**Material provided**.

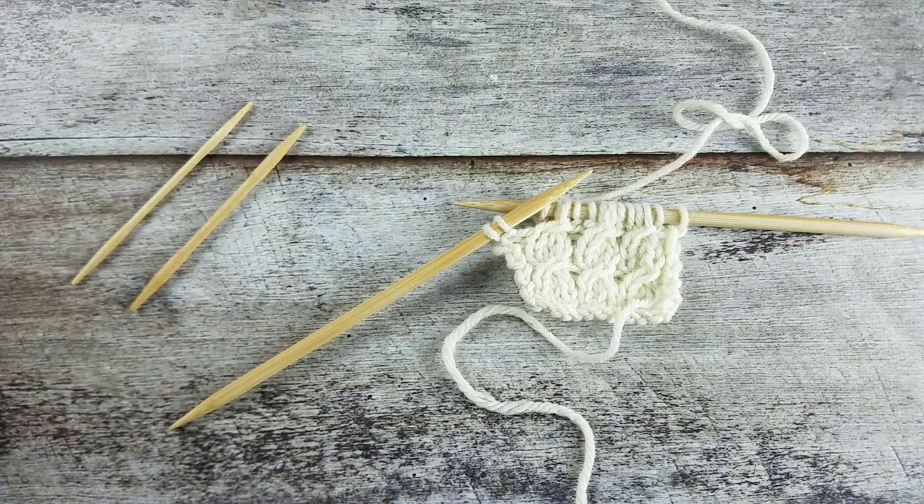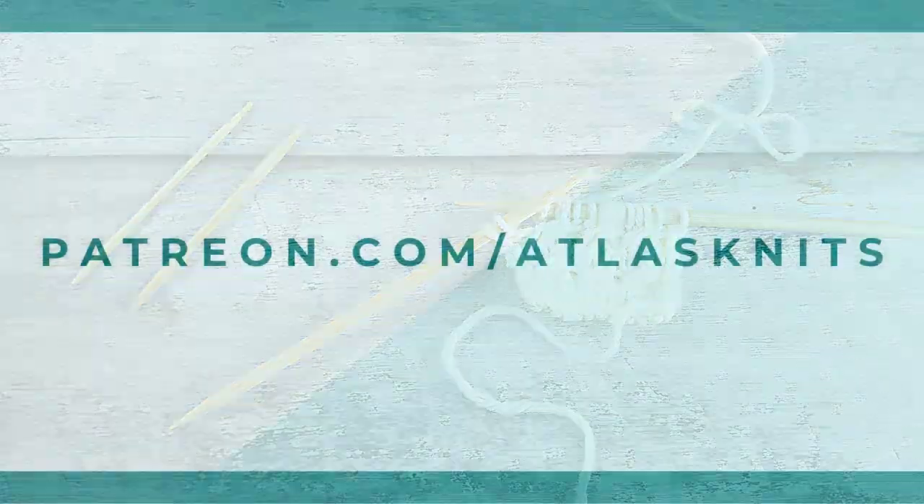And that's how you create the one over two right cross cable without a cable needle.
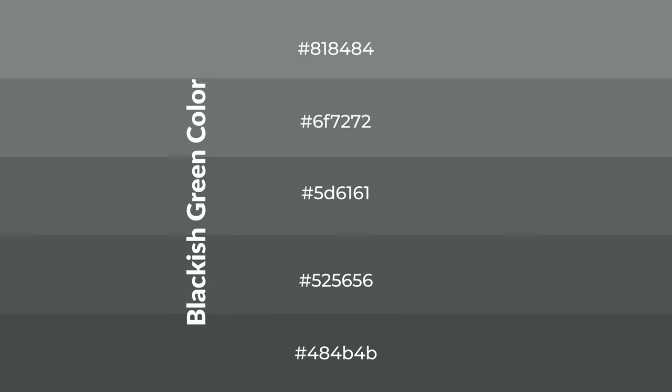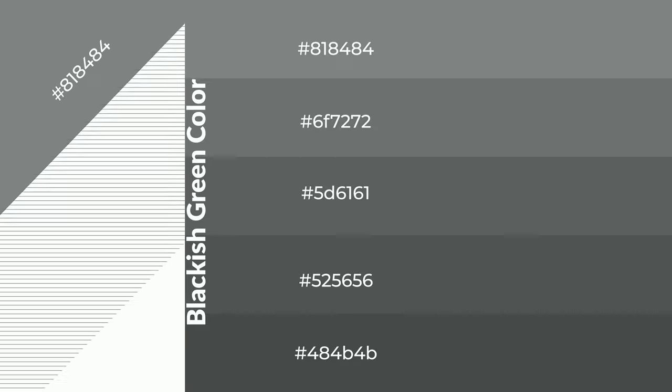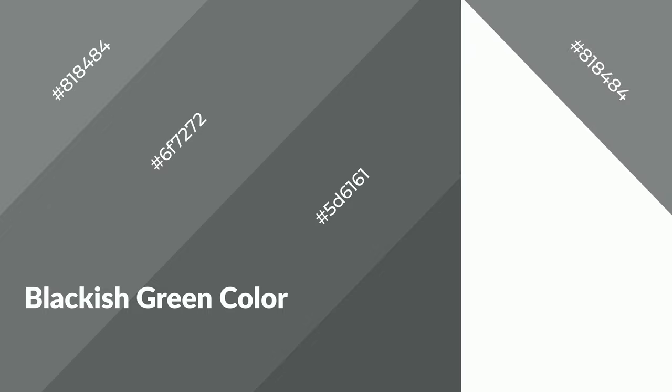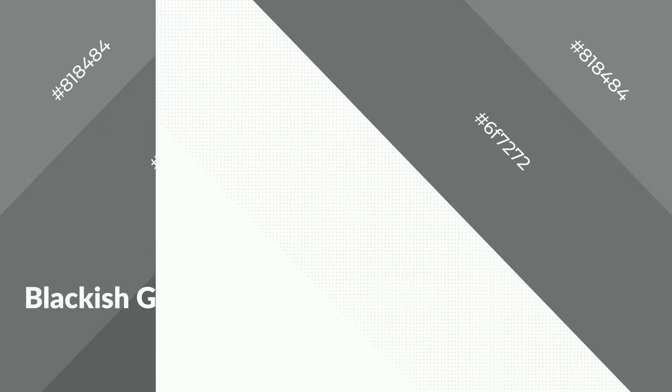To generate shades of a color, we add black to the color. Shades are used in patterns, 3D effects, and layers. Shades create depth and drama. Blackish green is a cool color and it emits calming, serene, soothing, refreshing, spacious, unwinding, peaceful, and relaxed emotions. Cool colors are like water, ice, sky, grass, soft, and snow. You can see them used in baby products.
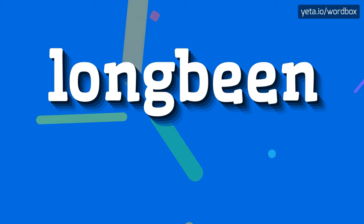Hi. Thanks for tapping this video. In this video I'm going to tell you how to pronounce this word.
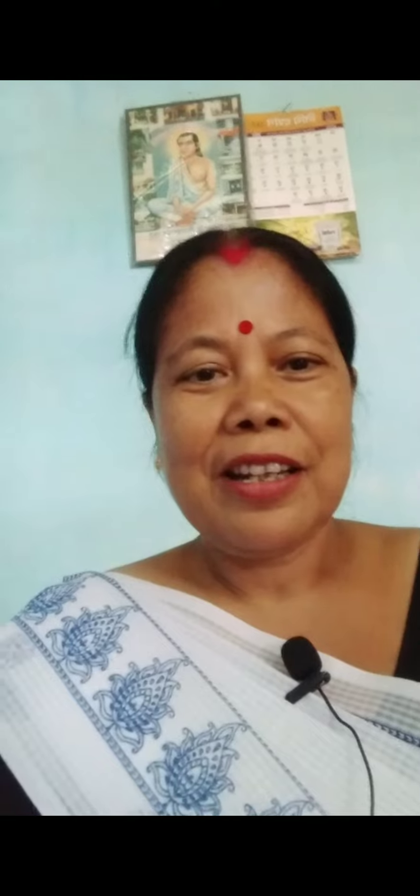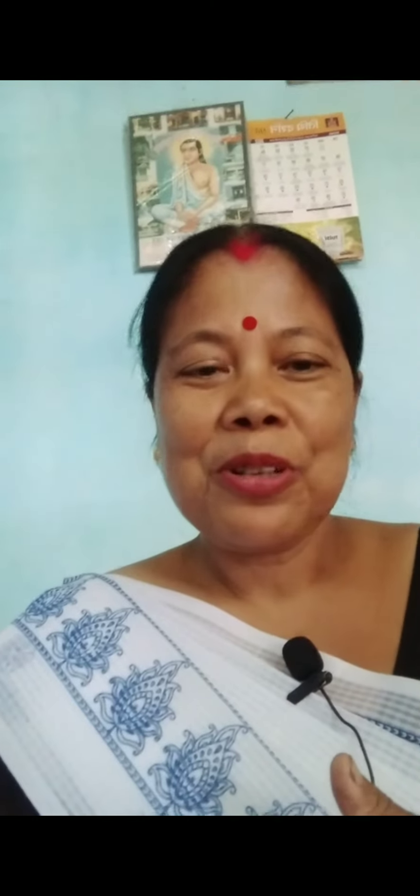Namaskar, Rumadatta Barar YouTube channel. I am going to share with you today. I am going to make a recipe for you today. So please like, comment, subscribe and press the bell to get the notification. So let's start our video.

**Task prompt**. Every line of the data is to be transcribed exactly, and no picture is to be included.

**Task result**.
And that's how you create the one over two right cross cable without a cable needle.
To generate shades of a color, we add black to the color. Shades are used in patterns, 3D effects, and layers. Shades create depth and drama. Blackish green is a cool color and it emits calming, serene, soothing, refreshing, spacious, unwinding, peaceful, and relaxed emotions. Cool colors are like water, ice, sky, grass, soft, and snow. You can see them used in baby products.
Hi. Thanks for tapping this video. In this video I'm going to tell you how to pronounce this word.
Namaskar, Rumadatta Barar YouTube channel. I am going to share with you today. I am going to make a recipe for you today. So please like, comment, subscribe and press the bell to get the notification. So let's start our video.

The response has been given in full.